Os roteiristas Phil Lord, Chris Miller e Dave Callaham (Shang-Chi e a Lenda dos Dez Anéis) encontram subterfúgios até mesmo para driblar os diálogos expositivos e quando finalmente se entregam a estes (ao explicar uma mudança envolvendo Peter B. Parker), podem ser perdoados ao levarmos em consideração que o filme anterior estreou há quase quatro anos, servindo para reverdecer a memória do espectador. Já aqueles que tiverem Homem-Aranha no Aranhaverso fresco na lembrança, poderão desfrutar de várias ligações entre os filmes, desde as mais claras como o retorno do Colisor e a presença do Gatuno até as mais rebuscadas, como uma piada envolvendo o artista britânico Banksy e a origem do vilão Mancha (Spot, no original).

E por falar em Mancha, um personagem que esbanja inventividade já em seu design, é dublado com imensa personalidade por Jason Schwartzman (parceiro recorrente do cineasta Wes Anderson), que utiliza a fragilidade habitual de seus papéis para transformar o vilão numa das figuras mais irreverentes do projeto. Mancha, que ainda está descobrindo seus inusitados poderes, compartilha algumas das melhores lutas com Miles Morales, além de possuir diálogos hilariantes (aquele sobre buracos, por exemplo). É uma pena, portanto, que mesmo num longa-metragem com quase 140 minutos de projeção (um recorde se tratando de uma animação), ele acabe aparecendo apenas esporadicamente, sumindo de grande parte da projeção, embora o impacto de seus planos seja sentido ininterruptamente. A ideia de se tornar “mais do que o vilão da vez” vai ao encontro da proposta do script de fazer uma reflexão não apenas sobre as ações de Morales, como principalmente a reação em cadeia que culminou na transformação do adolescente em super-herói.

Pois Homem-Aranha Através do Aranhaverso ainda encontra tempo para debater se o jovem Aranha é ou não produto do acaso, uma coincidência para alguns ou uma anomalia para outros, visto que para que pudesse assumir o manto aracnídeo, seu “universo” passou por um reajuste, o que ocasionou um desequilíbrio na imensa teia que rege o cânone (e a referência à abertura dos filmes de Sam Raimi é outro toque de classe). Esse desajuste, aliás, é reflexo da própria vida de Miles, representado de forma elegante pelo plano em que ele e Gwen resolvem relaxar (de cabeça para baixo, com a cidade invertida ao fundo).

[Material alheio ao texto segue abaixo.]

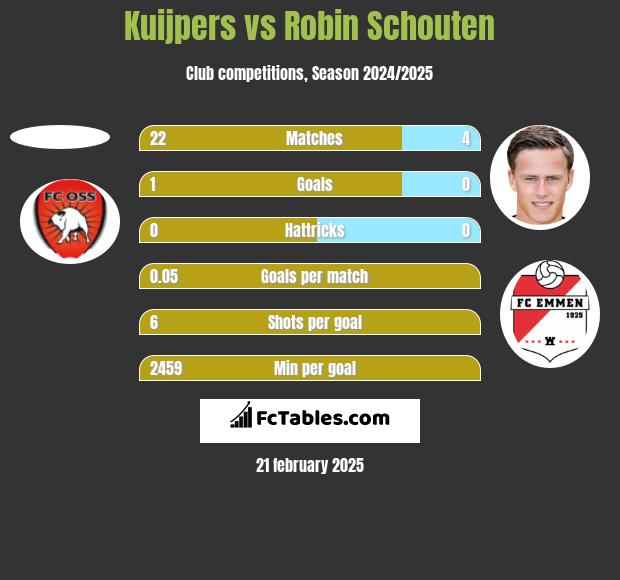 Kuijpers vs Robin Schouten h2h player stats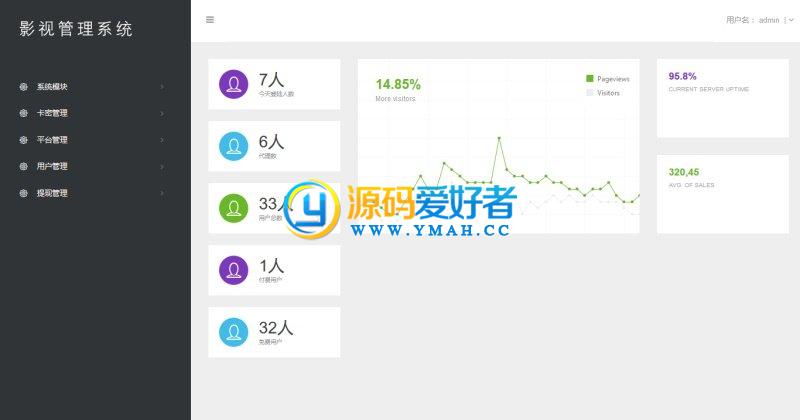 最新优化升级版万能影视-电影视频网站源码2.6版本-五级分销等级推广版插图7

Reservando uma parcela considerável de suspense para o terceiro ato, quando a proximidade de antagonistas gera uma tensão quase palpável até algo surpreendente acontecer (num aceno à montagem paralela do final de O Silêncio dos Inocentes), Homem-Aranha Através do Aranhaverso nunca deixa de ser imaginativo, tirando sarro das várias vezes em que testemunhamos a morte do Tio Ben (algo semelhante foi feito em LEGO Batman sobre os pais de Bruce Wayne) e até mesmo ao reconfigurar o núcleo que orbita o protagonista: se no filme anterior o Homem-Aranha Noir de Nicolas Cage roubava a cena, agora é a vez do “Spider-Punk” fazer as honras, com tiradas regadas a pura rebeldia.

Inspirando-se em Star Wars: Episódio V - O Império Contra-Ataca ao encerrar a projeção com um imenso cliffhanger que revoltará uma parcela considerável do público, Homem-Aranha Através do Aranhaverso consegue a proeza de superar o já excepcional longa anterior, aprofundando-se na vida do carismático Miles Morales enquanto promove um mergulho na mitologia de seu alter-ego. Ao explorar e analisar minuciosamente o cânone da franquia, talvez o maior feito do filme seja o de impressionar o público mesmo depois de nove aventuras cinematográficas.


E com a promessa de fazer o mesmo em 28 de Março do ano que vem.